Nehmen wir als Beispiel einmal die Eltern, die während des Elterngeldbezuges Teilzeit arbeiten wollen. Das neue Elterngeld Plus schafft hierfür Regelungen. Allerdings wird es für viele Soldatinnen und Soldaten nicht immer möglich sein, von diesen Neuerungen zu profitieren, da es in ihrer aktuellen Verwendung während einer Übung oder im Auslandseinsatz gar nicht möglich ist, Arbeitszeit zu reduzieren oder flexibel nach persönlichen Wünschen anzupassen.
Nach wie vor gibt es bislang nur wenige Möglichkeiten, bei der Bundeswehr seinen Dienst in Teilzeit zu leisten. Hier brauchen wir nicht nur kreative Ideen, sondern – wie auch in den Unternehmen – ein stärkeres Umdenken bei den militärischen und zivilen Führungskräften der Bundeswehr, damit dies noch mehr Soldatinnen und Soldaten ermöglicht werden kann. Ich begrüße daher den Vorstoß von Frau von der Leyen, mehr Möglichkeiten für Teilzeitarbeit bei der Bundeswehr schaffen zu wollen, um auch Soldatinnen und Soldaten von familienpolitischen Maßnahmen voll profitieren zu lassen.
Ich möchte festhalten: Das Elterngeld ist zu einem Erfolgsmodell geworden. Ich gehe davon aus und bin fest davon überzeugt, dass das Elterngeld Plus es auch wird.
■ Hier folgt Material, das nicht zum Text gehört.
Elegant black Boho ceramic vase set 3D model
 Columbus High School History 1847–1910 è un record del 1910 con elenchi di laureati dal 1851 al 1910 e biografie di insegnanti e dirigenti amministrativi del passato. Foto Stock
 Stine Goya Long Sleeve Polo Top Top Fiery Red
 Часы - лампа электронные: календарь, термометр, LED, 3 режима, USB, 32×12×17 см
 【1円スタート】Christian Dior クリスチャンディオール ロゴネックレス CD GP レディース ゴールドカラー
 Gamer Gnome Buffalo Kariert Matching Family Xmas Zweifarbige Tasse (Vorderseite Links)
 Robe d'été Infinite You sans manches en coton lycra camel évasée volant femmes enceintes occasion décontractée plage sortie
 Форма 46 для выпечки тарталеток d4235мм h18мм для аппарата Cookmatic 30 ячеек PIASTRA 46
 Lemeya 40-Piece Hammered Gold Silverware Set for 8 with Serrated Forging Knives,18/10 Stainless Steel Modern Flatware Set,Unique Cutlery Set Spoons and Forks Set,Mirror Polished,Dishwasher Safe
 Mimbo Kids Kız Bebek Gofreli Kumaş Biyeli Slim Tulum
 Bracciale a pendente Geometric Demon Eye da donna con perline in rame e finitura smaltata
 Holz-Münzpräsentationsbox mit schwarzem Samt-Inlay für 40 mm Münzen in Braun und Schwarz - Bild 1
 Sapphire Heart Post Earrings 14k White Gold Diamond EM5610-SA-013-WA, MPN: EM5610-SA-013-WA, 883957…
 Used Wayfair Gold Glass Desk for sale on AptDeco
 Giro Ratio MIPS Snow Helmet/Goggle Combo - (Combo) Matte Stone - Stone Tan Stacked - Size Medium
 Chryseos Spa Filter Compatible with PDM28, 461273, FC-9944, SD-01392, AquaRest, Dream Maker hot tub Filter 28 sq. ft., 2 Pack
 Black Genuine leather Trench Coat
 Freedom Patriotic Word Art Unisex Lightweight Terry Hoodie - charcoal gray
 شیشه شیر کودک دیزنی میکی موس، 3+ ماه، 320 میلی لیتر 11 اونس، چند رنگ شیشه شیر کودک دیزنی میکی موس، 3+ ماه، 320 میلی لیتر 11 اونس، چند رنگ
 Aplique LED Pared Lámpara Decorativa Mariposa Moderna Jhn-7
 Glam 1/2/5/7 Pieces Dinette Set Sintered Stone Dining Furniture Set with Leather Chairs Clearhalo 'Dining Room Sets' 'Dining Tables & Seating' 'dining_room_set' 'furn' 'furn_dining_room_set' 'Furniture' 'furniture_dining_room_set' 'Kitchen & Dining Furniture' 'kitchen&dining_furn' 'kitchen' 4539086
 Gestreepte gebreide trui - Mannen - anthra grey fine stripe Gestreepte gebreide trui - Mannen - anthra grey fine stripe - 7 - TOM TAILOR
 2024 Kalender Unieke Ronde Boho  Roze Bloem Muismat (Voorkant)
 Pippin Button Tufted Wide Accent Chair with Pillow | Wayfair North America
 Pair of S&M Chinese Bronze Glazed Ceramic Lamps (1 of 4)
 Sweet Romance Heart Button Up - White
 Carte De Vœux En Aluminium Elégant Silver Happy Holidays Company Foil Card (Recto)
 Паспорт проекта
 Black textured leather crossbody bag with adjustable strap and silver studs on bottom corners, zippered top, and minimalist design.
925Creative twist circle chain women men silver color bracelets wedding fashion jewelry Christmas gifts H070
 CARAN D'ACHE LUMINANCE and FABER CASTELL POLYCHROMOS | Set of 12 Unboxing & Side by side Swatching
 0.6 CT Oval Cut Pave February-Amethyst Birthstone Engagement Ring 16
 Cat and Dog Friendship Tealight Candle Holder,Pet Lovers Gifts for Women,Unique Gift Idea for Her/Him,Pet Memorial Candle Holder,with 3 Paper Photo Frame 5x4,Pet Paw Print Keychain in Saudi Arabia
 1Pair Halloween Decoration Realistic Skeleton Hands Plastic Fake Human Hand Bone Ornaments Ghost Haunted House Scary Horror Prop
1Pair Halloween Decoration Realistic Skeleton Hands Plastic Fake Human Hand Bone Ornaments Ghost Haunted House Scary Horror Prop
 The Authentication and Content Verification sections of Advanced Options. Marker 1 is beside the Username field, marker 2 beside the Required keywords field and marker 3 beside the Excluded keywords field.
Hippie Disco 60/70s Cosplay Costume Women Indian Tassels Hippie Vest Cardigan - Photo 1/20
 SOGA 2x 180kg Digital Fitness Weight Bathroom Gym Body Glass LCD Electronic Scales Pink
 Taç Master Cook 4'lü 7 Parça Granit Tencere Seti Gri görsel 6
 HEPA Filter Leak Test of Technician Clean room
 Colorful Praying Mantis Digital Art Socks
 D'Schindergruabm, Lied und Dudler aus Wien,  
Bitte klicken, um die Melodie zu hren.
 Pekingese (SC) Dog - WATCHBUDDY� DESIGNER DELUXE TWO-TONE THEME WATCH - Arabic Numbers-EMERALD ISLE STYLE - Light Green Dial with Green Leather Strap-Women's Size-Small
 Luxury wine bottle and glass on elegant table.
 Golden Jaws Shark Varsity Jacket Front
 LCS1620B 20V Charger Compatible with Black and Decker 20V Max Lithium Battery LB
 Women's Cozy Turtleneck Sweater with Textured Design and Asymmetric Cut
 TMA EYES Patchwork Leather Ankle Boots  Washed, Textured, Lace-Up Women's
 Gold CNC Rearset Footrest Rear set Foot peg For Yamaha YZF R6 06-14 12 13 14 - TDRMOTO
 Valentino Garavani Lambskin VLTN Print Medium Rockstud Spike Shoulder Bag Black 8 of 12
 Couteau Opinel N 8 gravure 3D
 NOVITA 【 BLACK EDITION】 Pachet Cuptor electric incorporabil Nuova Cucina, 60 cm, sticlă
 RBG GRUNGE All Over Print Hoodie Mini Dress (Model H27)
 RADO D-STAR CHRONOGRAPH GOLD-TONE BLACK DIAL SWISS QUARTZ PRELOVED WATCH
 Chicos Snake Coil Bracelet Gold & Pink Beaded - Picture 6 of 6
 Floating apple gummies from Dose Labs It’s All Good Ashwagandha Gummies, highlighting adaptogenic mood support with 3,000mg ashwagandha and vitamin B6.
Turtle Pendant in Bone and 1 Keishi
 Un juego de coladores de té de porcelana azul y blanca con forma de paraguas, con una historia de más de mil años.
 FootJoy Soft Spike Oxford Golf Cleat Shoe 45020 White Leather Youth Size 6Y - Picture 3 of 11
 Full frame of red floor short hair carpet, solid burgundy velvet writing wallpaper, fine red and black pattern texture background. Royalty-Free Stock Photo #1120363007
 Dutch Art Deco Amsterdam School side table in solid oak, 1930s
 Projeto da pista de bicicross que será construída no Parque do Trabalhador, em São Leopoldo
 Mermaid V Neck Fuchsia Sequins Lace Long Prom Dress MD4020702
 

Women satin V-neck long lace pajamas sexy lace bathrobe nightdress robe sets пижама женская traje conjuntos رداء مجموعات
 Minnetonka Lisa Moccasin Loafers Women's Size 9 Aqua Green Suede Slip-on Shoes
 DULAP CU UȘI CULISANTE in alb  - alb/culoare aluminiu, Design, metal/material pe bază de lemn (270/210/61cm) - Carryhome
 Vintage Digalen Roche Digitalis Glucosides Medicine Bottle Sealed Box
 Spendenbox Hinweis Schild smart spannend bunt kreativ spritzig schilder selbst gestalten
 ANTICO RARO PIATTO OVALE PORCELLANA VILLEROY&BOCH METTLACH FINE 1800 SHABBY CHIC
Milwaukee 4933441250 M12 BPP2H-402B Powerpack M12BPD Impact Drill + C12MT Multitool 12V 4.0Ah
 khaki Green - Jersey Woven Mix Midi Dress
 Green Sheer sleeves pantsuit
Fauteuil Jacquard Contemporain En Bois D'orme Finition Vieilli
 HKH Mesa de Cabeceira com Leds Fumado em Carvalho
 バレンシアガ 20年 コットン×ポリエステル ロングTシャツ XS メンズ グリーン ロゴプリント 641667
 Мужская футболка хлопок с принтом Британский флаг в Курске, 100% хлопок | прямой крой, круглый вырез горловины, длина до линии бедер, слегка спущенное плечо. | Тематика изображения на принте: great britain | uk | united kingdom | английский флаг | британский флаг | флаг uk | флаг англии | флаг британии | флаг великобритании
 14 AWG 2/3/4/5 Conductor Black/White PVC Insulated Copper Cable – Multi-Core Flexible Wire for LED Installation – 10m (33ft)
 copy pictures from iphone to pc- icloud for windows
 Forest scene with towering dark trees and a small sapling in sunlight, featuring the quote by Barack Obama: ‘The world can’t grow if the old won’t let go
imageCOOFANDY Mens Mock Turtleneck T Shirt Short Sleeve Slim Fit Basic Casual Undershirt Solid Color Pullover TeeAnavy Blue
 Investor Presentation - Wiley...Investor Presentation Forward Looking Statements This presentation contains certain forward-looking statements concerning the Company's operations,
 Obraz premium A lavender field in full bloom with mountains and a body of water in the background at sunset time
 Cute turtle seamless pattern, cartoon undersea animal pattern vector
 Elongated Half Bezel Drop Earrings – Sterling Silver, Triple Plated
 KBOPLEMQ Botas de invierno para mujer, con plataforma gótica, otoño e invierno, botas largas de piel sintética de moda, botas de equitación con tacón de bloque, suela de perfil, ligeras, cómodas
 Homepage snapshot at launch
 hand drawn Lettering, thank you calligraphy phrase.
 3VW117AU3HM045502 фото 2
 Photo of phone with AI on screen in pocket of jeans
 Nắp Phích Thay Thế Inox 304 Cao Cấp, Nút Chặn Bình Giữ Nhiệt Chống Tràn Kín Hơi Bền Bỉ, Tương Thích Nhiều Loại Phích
In einer Sache sind wir uns wohl parteiübergreifend alle einig: Zeit mit unseren Kindern ist wertvoll und kommt nicht zurück.
Vielen Dank.
(Beifall bei der CDU/CSU und der SPD)
Als letztem Redner in dieser Debatte erteile ich dem Abgeordneten Eckhard Pols, CDU/CSU-Fraktion, das Wort.
(Beifall bei der CDU/CSU – Paul Lehrieder [CDU/CSU]: Guter Mann!)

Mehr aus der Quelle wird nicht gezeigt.